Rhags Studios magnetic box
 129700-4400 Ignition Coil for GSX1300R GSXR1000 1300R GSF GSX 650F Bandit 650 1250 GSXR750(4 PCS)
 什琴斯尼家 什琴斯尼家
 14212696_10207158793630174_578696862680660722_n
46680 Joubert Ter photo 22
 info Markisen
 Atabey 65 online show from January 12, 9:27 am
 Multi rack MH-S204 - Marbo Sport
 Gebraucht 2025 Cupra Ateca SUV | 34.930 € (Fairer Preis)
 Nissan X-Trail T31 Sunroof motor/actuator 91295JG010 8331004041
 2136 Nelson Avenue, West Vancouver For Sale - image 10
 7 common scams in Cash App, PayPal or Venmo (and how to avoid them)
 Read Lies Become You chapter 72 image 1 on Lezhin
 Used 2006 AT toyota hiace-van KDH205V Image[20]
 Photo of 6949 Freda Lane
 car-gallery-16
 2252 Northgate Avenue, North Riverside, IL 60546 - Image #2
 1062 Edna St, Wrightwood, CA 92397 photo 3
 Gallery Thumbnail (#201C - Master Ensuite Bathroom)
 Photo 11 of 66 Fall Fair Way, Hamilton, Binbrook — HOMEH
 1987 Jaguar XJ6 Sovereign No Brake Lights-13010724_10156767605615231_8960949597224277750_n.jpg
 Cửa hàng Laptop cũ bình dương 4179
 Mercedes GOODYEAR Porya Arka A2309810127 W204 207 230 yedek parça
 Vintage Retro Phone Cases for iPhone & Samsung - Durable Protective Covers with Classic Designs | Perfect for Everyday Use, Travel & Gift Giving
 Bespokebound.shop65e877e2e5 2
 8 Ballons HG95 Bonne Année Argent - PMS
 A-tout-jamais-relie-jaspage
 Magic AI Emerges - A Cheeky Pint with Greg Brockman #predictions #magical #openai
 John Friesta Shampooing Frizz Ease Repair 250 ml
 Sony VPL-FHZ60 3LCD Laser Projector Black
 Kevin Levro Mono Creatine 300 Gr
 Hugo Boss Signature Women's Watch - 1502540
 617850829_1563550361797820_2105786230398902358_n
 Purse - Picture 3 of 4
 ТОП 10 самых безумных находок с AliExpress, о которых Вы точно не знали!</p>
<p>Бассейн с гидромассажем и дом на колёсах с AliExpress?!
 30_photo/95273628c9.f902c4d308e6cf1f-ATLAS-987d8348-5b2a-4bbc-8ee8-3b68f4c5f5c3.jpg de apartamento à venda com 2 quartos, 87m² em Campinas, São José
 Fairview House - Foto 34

Exercise brief
Find where the line with "Gallery Thumbnail (#201C" sits in the material above, then copy exactly from it through the line with "Bespokebound.shop65e877e2e5 2". Add no other line.

Your solution
 Gallery Thumbnail (#201C - Master Ensuite Bathroom)
 Photo 11 of 66 Fall Fair Way, Hamilton, Binbrook — HOMEH
 1987 Jaguar XJ6 Sovereign No Brake Lights-13010724_10156767605615231_8960949597224277750_n.jpg
 Cửa hàng Laptop cũ bình dương 4179
 Mercedes GOODYEAR Porya Arka A2309810127 W204 207 230 yedek parça
 Vintage Retro Phone Cases for iPhone & Samsung - Durable Protective Covers with Classic Designs | Perfect for Everyday Use, Travel & Gift Giving
 Bespokebound.shop65e877e2e5 2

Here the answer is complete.